• **Records provided**
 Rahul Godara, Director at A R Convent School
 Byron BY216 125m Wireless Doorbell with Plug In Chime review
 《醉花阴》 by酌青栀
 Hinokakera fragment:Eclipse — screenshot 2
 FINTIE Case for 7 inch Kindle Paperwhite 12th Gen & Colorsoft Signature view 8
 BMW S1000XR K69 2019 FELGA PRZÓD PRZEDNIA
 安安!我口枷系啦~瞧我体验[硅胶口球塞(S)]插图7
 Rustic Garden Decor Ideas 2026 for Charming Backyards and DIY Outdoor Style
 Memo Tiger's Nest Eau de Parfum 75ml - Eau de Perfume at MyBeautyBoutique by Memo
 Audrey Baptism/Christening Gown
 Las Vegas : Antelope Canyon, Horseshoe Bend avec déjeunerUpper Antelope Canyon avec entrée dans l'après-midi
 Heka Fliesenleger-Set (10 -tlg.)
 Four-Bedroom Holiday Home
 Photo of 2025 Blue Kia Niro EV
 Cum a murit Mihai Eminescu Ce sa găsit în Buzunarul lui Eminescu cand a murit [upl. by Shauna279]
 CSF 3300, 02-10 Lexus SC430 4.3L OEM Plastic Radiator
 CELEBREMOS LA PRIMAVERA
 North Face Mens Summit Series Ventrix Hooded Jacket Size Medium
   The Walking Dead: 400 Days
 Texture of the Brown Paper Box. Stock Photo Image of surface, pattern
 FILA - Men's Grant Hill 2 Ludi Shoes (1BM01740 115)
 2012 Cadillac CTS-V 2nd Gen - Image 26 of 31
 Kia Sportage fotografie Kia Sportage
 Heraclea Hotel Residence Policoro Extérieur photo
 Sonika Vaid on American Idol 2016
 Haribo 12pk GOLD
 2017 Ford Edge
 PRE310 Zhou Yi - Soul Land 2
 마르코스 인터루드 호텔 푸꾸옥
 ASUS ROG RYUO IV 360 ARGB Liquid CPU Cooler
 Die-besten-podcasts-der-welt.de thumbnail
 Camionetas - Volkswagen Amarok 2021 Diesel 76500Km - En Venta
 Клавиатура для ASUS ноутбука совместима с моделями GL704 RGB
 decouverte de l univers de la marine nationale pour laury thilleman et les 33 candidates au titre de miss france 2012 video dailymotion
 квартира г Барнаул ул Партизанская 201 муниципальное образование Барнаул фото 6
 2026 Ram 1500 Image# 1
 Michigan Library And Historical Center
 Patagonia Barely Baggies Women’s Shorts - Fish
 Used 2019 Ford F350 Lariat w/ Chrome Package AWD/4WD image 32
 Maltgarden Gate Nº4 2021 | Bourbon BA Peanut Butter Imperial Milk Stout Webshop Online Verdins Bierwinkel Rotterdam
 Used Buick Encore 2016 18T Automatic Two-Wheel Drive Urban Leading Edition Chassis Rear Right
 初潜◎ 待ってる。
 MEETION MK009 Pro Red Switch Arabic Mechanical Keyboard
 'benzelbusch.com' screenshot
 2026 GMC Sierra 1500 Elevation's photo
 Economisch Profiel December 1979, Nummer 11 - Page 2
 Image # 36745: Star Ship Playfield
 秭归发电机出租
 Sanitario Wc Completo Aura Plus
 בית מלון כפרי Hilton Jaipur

• **Brief**
Identify each line of the material where the word "ASUS" shows up, and copy it.

• **Problem solution**
 ASUS ROG RYUO IV 360 ARGB Liquid CPU Cooler
 Клавиатура для ASUS ноутбука совместима с моделями GL704 RGB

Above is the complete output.